NoSQL provides the new data management technologies designed to meet the features of big data i.e. volume, velocity, and variety of data. It can store and retrieve data that is modeled in means other than the tabular relations used in relational databases [31]. In comparison to relational databases, NoSQL databases are more scalable and provide superior performance when we are dealing with big data. Based on our experiences and domain experts’ recommendations, we select four open source NoSQL database: Hbase, Cassandra, MongoDB and Elastic search. In the following we describe each technology.


Hbase is a column store based on Apache Hadoop and concepts of BigTable. It is a NoSQL key/value store which runs on top of HDFS [32]. It supports four primary operations: put to add or update rows, scan to retrieve a range of cells, get to return cells for a specified row, and delete to remove rows, columns or column versions from the table. Although Hbase includes tables, a schema is only required for tables and column families, but not for columns, and it includes increment/counter functionality.

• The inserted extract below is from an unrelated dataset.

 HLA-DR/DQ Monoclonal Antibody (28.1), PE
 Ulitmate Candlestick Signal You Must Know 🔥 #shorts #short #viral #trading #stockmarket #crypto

Hbase has centralized architecture where the Master server is responsible for monitoring all RegionServer (responsible for serving and managing regions) instances in the cluster, and is the interface for all metadata changes. Hbase is optimized for reads, supported by single-write master, and resulting strict consistency model, as well as use of Ordered Partitioning which supports row-scans. It provides CP (Consistency, Partition tolerance) form the CAP theorem. The most important feature of Hbase is strong consistency and fast read and write with high scalability.

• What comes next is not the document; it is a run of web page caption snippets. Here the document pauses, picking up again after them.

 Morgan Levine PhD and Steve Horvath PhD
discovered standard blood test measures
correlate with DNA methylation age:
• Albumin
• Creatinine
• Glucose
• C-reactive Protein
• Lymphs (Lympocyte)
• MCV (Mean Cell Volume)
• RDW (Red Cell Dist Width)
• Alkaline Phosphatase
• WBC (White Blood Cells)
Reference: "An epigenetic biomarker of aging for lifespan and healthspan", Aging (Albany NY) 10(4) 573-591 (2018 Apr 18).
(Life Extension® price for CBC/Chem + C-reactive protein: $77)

Cassandra is also a column store based distributed database management system based on ideas of BigTable and DynamoDB. Unlike Hbase, Cassandra has decentralized architecture and each node can perform any operation that it provides AP (Availability, Partition-Tolerance) from the CAP theorem [33]. Cassandra has excellent single-row read performance as long as eventual consistency semantics are sufficient for the use-case. Cassandra quorum reads, which are required for strict consistency will naturally be slower than Hbase reads. Cassandra is well suited for supporting single-row queries or selecting multiple rows based on a Column-Value index [34].


MongoDB is a document oriented database. All data in MongoDB is treated in JSON/BSON format. It is a schema less database which goes over tera-bytes of data in database. It also supports master slave replication methods for making multiple copies of data over servers making the integration of data in certain types of applications easier and faster [31]. MongoDB combines the best of relational databases with the innovations of NoSQL technologies, enabling engineers to build modern applications. MongoDB provides the data model flexibility, elastic scalability, and high performance of NoSQL databases. As a result, engineers can continuously enhance applications, and deliver them at almost unlimited scale on commodity hardware [35].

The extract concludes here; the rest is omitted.